TEMPO.CO, Jakarta - Pendapatan PT Timah pada semester I 2015 naik 16,96 persen dari Rp 2,75 triliun pada periode yang sama tahun lalu menjadi Rp 3,22 triliun. Sayangnya, perusahaan mengalami kerugian sebesar Rp 58,72 miliar. Padahal, pada semester I tahun lalu perusahaan pelat merah ini masih meraup untung sebesar Rp Rp 361,12 miliar.

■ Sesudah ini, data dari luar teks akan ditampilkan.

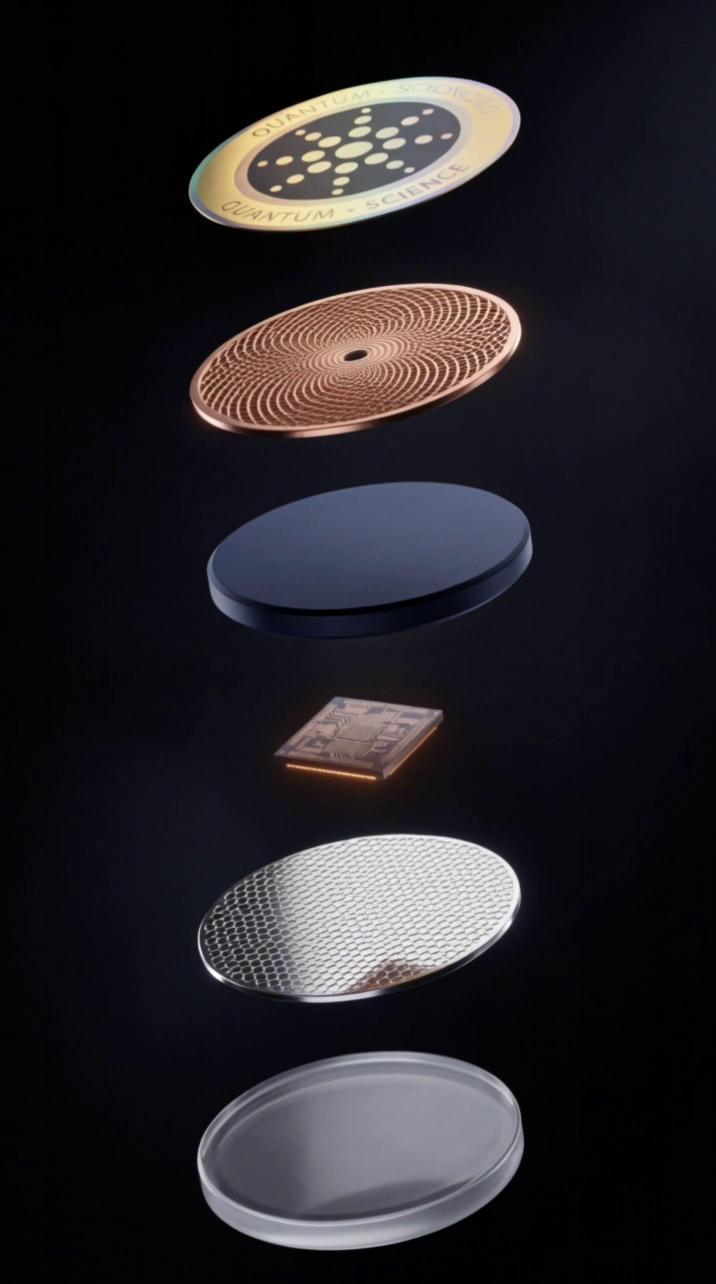 6 warstw SmartShield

Kerugian itu didapat karena meski pendapatan cukup tinggi, beban pokok penjualannya mencapai Rp 2,95 triliun. Dengan laba kotor sebesar Rp 262,77 miliar, total beban usaha yang ditanggung perusahaan mencapai Rp 321,49 miliar.
Sekretaris Perusahaan PT Timah Tbk. Agung Nugroho menyatakan perusahaan telah melakukan efisiensi di segala bidang, tapi kerugian sulit dicegah karena harga timah turun. "Harga jual timah turun rata-rata sebesar 26,37 persen menjadi US$ 17.076," katanya melalui siaran pers, Senin, 31 Agustus 2015. Agung juga menyebut bahwa pada periode yang sama, Harga Pokok Usaha (HPU) turun 19,34 persen menjadi US$ 13.810.
Menurut Agung, produksi bijih timah pada semester I 2015 sebenarnya meningkat 0,21 persen menjadi 14.383 ton, dibandingkan periode yang sama tahun lalu sebesar 14.352 ton. Begitu juga produksi logam timah meningkat 31,95 persen menjadi 14.261 metrik ton, dibandingkan periode yang sama tahun lalu sebesar 10.808 metrik ton. Sementara penjualan logam timah meningkat 45,88 persen menjadi 14.096 metrik ton dibandingkan dengan semester I tahun sebelumnya sebesar 9.633 metrik ton
Agung menyatakan, penerapan Permendag Nomor 33 Tahun 2015 membawa harapan baru bagi industri pertimahan di Tanah Air. Keinginan Indonesia sebagai penentu harga timah dunia diwujudkan dengan adanya keterlibatan lebih intensif dari regulator dengan terbitnya peraturan baru. Hal ini membuktikan bahwa aturan-aturan yang dibuat sebelumnya dapat disempurnakan demi tujuan yang lebih baik.
Regulasi yang sudah berlaku efektif pada 1 Agustus 2015 ini mewajibkan mekanisme Clean & Clear (CnC) bagi yang belum mempunyai Eksportir Terdaftar (ET) atau bagi perusahaan yang ET-nya berakhir dan bagi yang masih mempunyai ET berlaku dapat tetap ekspor sampai dengan 1 November 2015 dengan sebelumnya mendapatkan Persetujuan Ekspor (PE) dari Kementerian Perdagangan.
Dengan adanya satu syarat clean and clear ini, ekspor timah dari Indonesia akan lebih tertib dan royalti yang akan diterima oleh pemerintah akan jelas lebih baik perhitungan dan besarannya. Selain itu, penambangan ilegal di Bangka dan Belitung dapat diminimalisasi. "Dengan demikian, harga komoditas timah diharapkan akan terangkat," kata Agung.